### RAW DATA
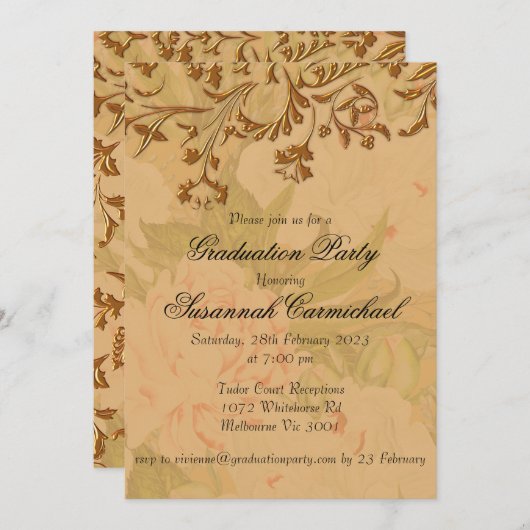 Elegant Boho  Graduation Party Invitation Kaart (Voorkant / Achterkant)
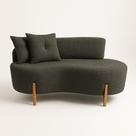 Sofá Orgânico 2 Lugares C/2 Almofadas Curvo Sala Recepção Luna Boucle Cinza Escuro - Montanaris Decor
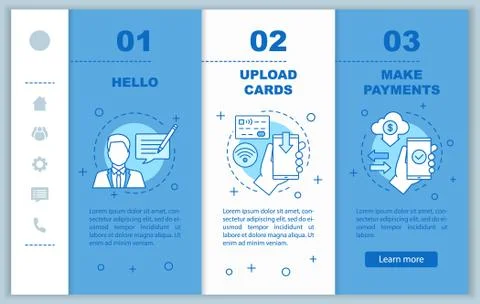 Mobile banking onboarding mobile web pages vector template Ilustración de archivo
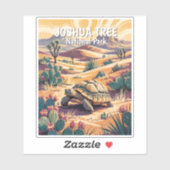 Custom Joshua Tree Tortoise Retro Desert Landscape Aufkleber (Blatt)
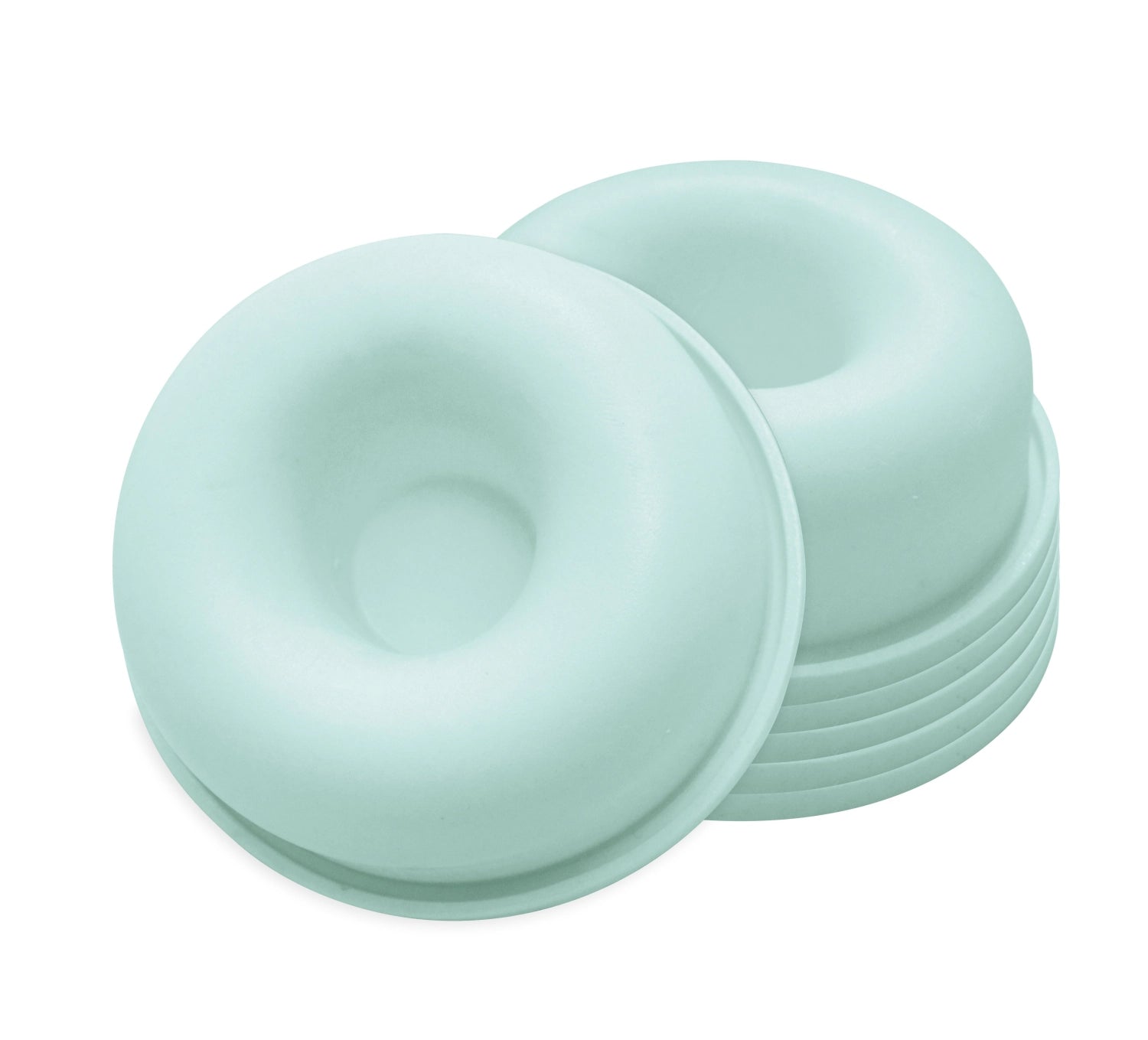 Sechsteiliges Silikonform-Set für Donuts, ideal für kreative Backideen und süße Snacks, leicht zu reinigen und flexibel in der Anwendung.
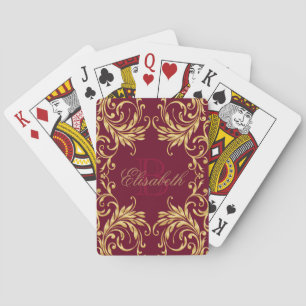 Jeu De Cartes Damassé d'or de monogramme sur rouge foncé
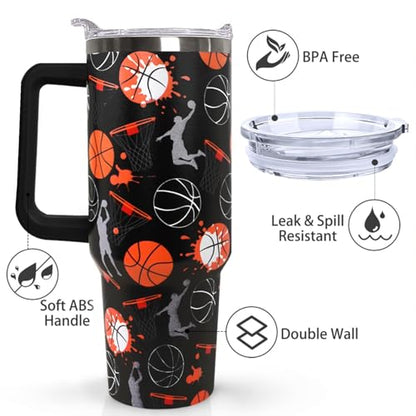 Ceovfoi 40 oz Basketball Coffee Mug Cup Vacuum Insulated Travel Tumbler with Handle Lid and Straw,Basketball Coach Gifts,Accessories Stuff - color: Basketball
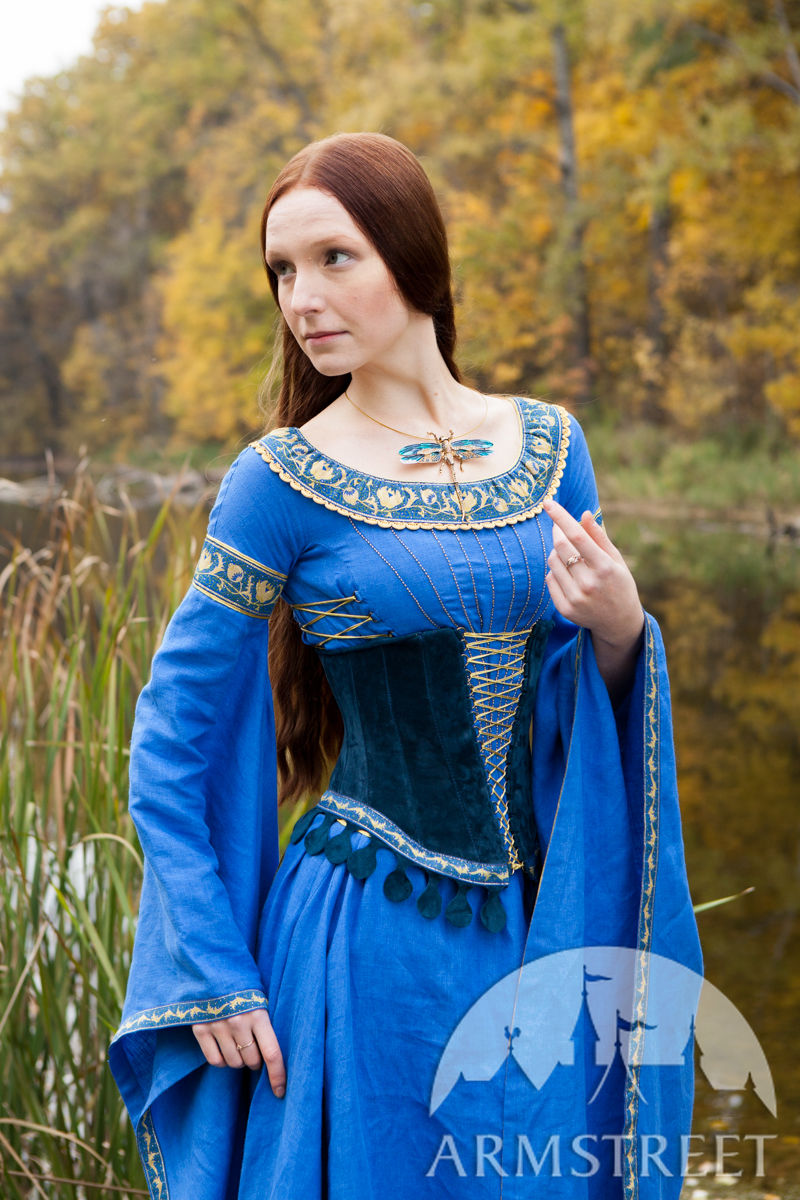 Medieval linen dress and suede vest costume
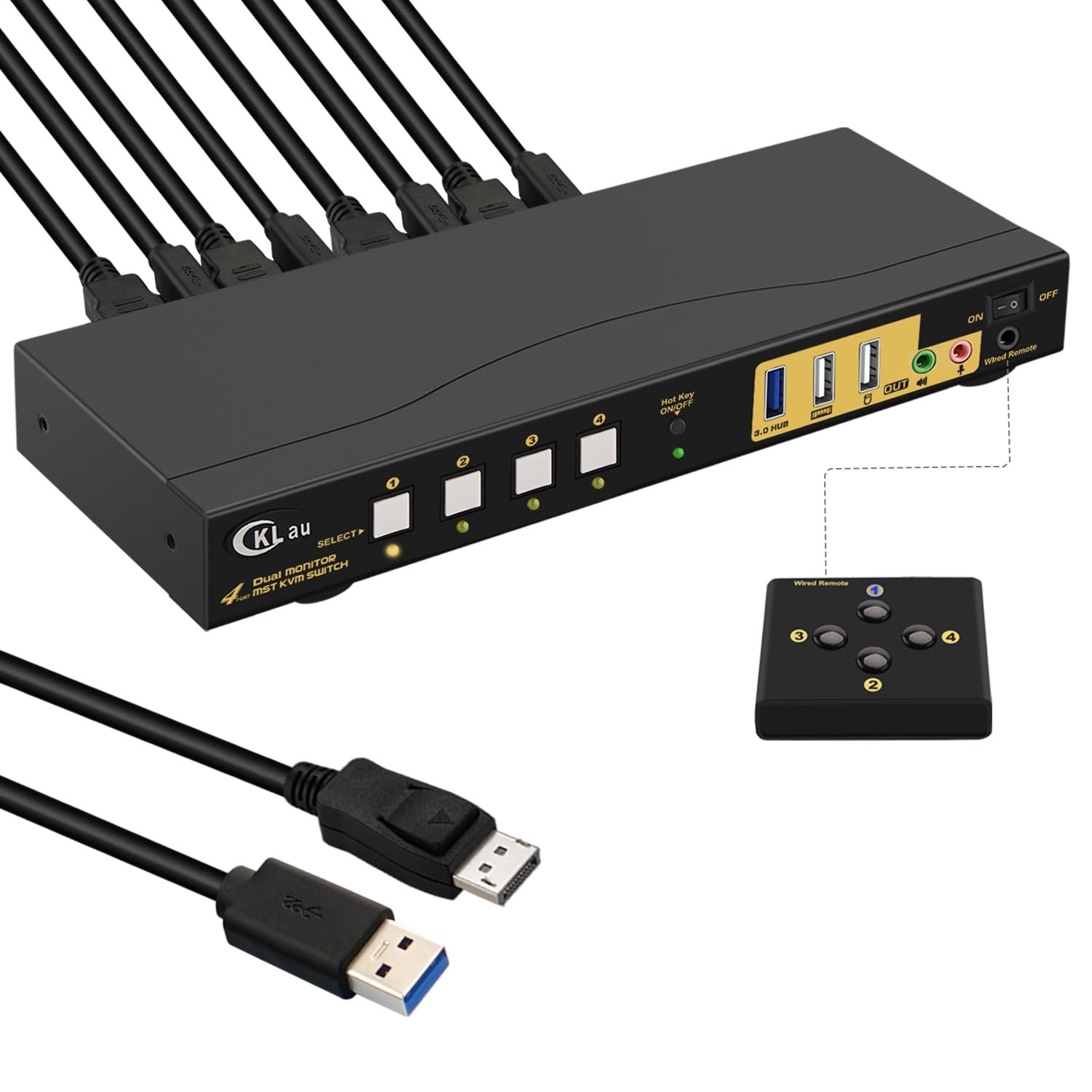 4K60Hz 2K@144Hz MST KVM Switch 2 Monitors 4 Compuers (1 DP in, DP + HDMI Out) with Cables, Audio, Microphone, USB 3.0 Hub Supports Keyboard Mouse Switching Suit for Laptops, PCs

### THE TASK
Leave out the pictures and repeat exactly the lines from the one containing "Medieval linen dress and suede vest costume" through the last line of the entries.

### FINISHED TASK
 Medieval linen dress and suede vest costume
 4K60Hz 2K@144Hz MST KVM Switch 2 Monitors 4 Compuers (1 DP in, DP + HDMI Out) with Cables, Audio, Microphone, USB 3.0 Hub Supports Keyboard Mouse Switching Suit for Laptops, PCs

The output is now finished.